He swears he saw the shadow of a dolphin below a wave here.
When they first came, he knows she saw it too. Her eyes
Widened, and they shared a glance and a giggle,
Like a wreath of bubbles, like a secret vault of blue.
A feeling, a vibration, the last echo in a chain of echoes below.
After that, Tel Aviv was of the dolphins. He came back
In 2001, and in the rubble of the Dolphinarium, he waited.
But there was nothing. When she visited
She did not even ask,
As though she sensed the void. It was unspoken. Then
He ran away from her in 2007. Seeking what?
But still the sea was silent. Even when she died.
That night, in the sand, holding his legs to his chest,
The words of his friends lost in the surf, and the buzz
Of the world, bounding from wave to wave. Still nothing.
I want to be cremated ,
She always said. I want my ashes to be poured
Into the sea.
But they bury their own, so their mother, she printed
Pictures for him to take back and burn.
I will do this he said.
He did not unpack for two months. Then it was winter. Then
New Year’s Eve. And there had been rain, and there was wind,
And it was cold, and he said **** it.
The kiosk outside
Was empty, airless, damp. He palmed a cheap lighter,
Dropped a coin, left.
And he walked down to the sea,
Into the wind, the wet, the cold. The pictures in his pocket.
There is a jetty made of rubble, next to the Dolphinarium,
Where he returns to year after year. If he stands there
And listens he can hear the edge of the world, the sinking
Of bones. Behind him the city, before him the sea.
And when he takes both in for long enough
He forgets which is which.
He went there and looked
At the foam forever, blinking away spindrift, the lighter
Turning in his fingers.
And when he pulled out the pictures
And held the lighter up to them it was a new year.
His thumbs are scarred now. The pictures would not burn.
He railed against the rocks. His throat fought the wind.
With every flick the flame was choked. And the lighter broke but
He would not stop but for a moment to wipe his face.
Her name and spoke to her.
But there was no ash.
Just the city,
the sea, the wind.
And in the calm before dawn he slumped
Home, the pictures, blackened and reddened, back in his pocket.
To be shoved away in some old drawer.
He saw his mother
Later that year and she did not ask because she did not remember.
In the summer, he watched the jetty each day, but from a distance,
And noted how the silhouettes of fishermen reached
Out to the city in the morning then back to the sea by evening, distorted
With each swell.
But he could not bring himself to stand
There.

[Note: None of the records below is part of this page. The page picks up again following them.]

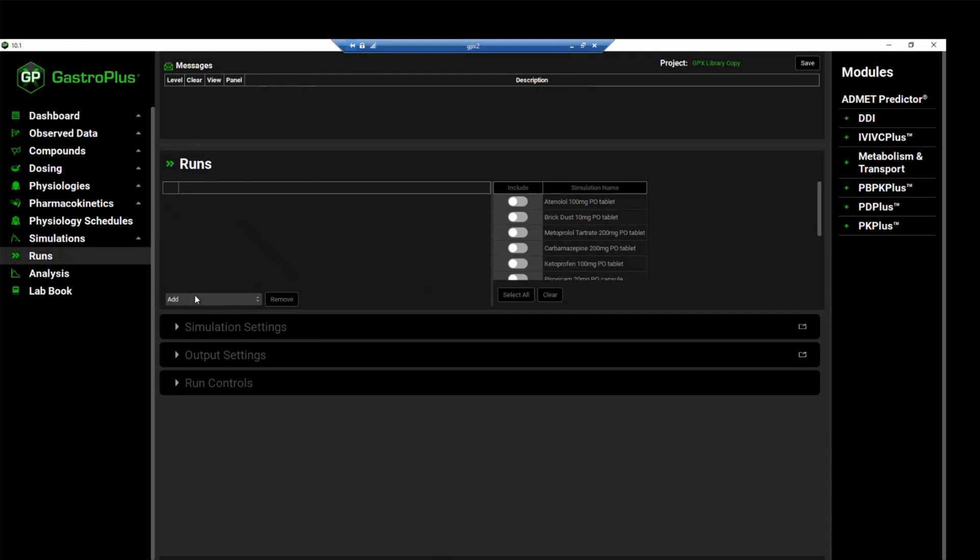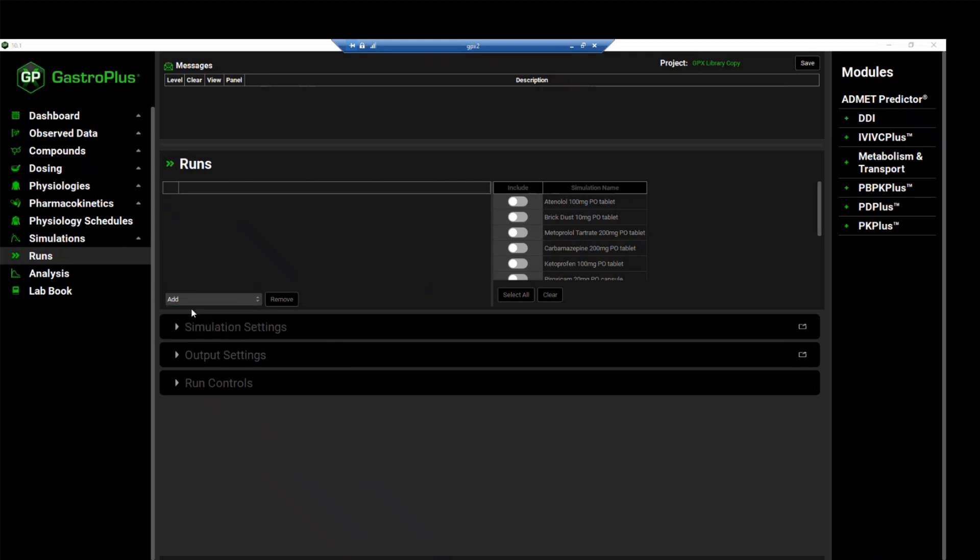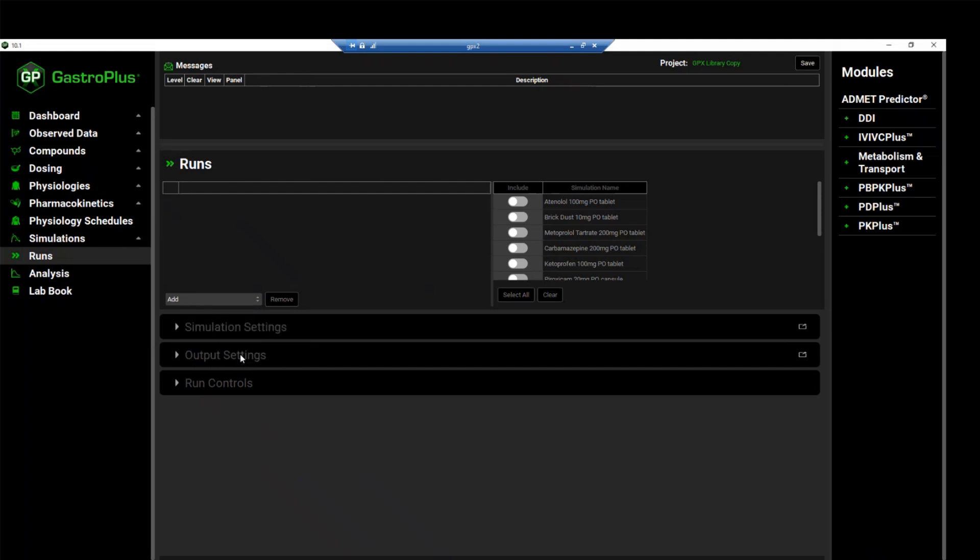To add a run, click on the add dropdown menu. From the dropdown menu, you can see that we can select different run modes that are available in GPX. In this case, we want to run a batch simulation, so we will select simulations. We can name our run PO simulations and then click OK.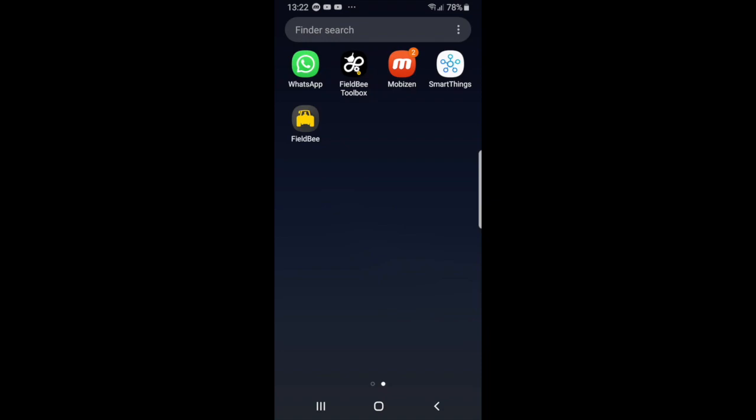Hey guys, I'm going to show you how to connect the auto steer to the app.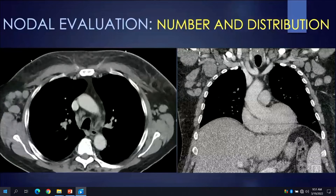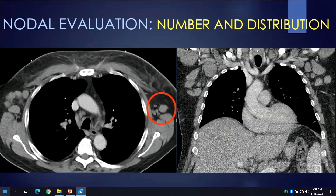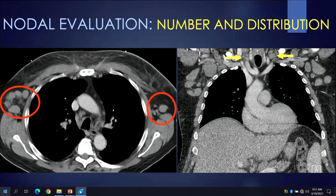The next characteristic to consider is number and distribution of lymph nodes. A single enlarged left axillary node might, based on our knowledge of lymphatic drainage pathways, lead us to consider a condition involving either the left upper extremity or anterior chest wall. However, given that this patient has bilateral axillary as well as neck nodal disease, we now have to consider more diffuse or systemic processes, such as hematologic malignancy in this particular case.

Two years in Tel Aviv and he could be no longer.
Then it is winter again, and a month before he is to leave,
And a week before New Year’s Eve.
He remembers the pictures.
He meets a woman at a party and they make love.

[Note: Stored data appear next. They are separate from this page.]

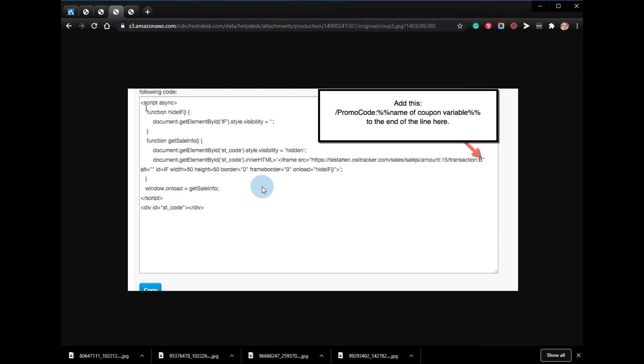Now that you have added the coupon code, you will need to make an update to the sales tracking code that you added to your order confirmation page. Before you update this code on the confirmation page, you will need to find out from your shopping cart provider what the variable names are for the promo code.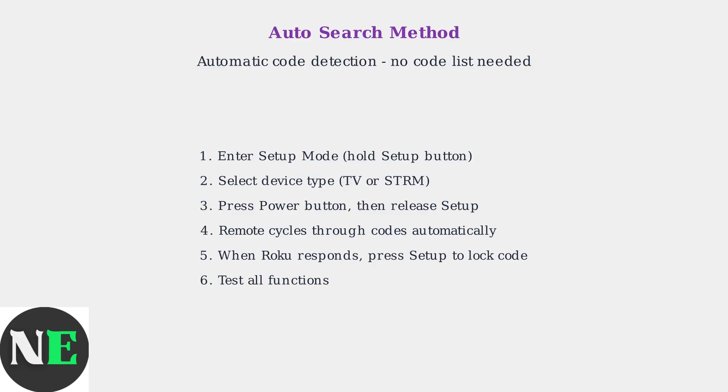The remote will automatically cycle through codes. When your Roku device responds by turning off or on, immediately press setup to lock in that code. Finally, test all functions to ensure they work properly.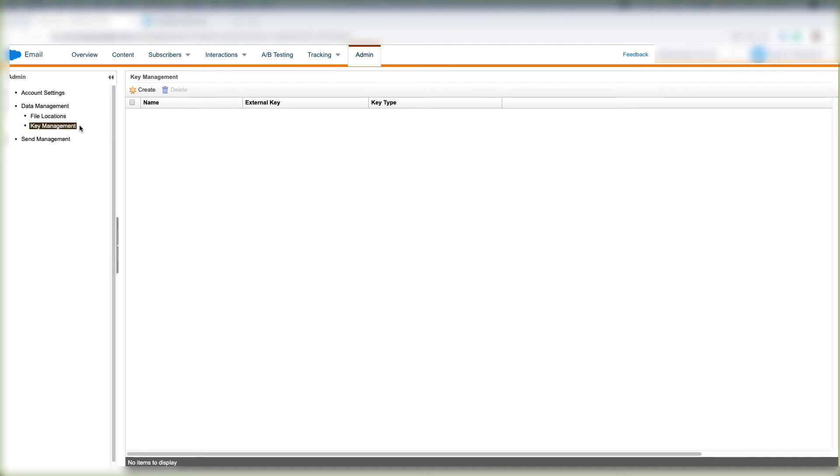You'll also use Key Management to digitally sign email messages and to implement your SAML or SAML Single Sign On or SSO for your Marketing Cloud account.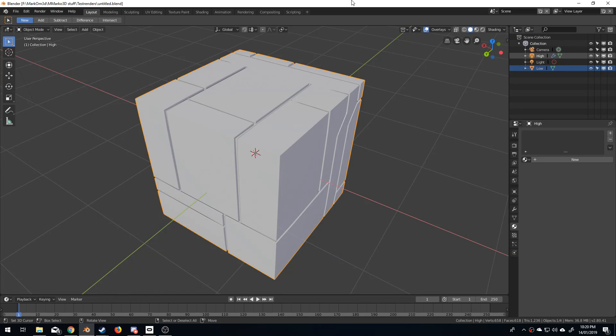Hello, it's Markham and Torshich here from Markham3D, and today we're going to be learning how to bake textures in Blender 2.8.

He sees her every night and when New Year’s Eve comes, they plan to meet.
Allenby is quiet as he steps outside, and the kiosk
He drifts down to the sea without thought, carried
By the current of the city.
Phone shaking in his pocket but he feels
Nothing. Then he is there, again.
His back to the city, crouched.
On the jetty, alone, the pictures in one hand, lighter in the other.
And the fire lasts for but a moment, and the sparks recede into the sea. And he brushes the remains into the dark, and turns back to the city.
Later, he will greet the woman with a rose between his teeth and Spring
In his step, and he will walk into the night with her hand
In his, and the call of the sea sounding inside.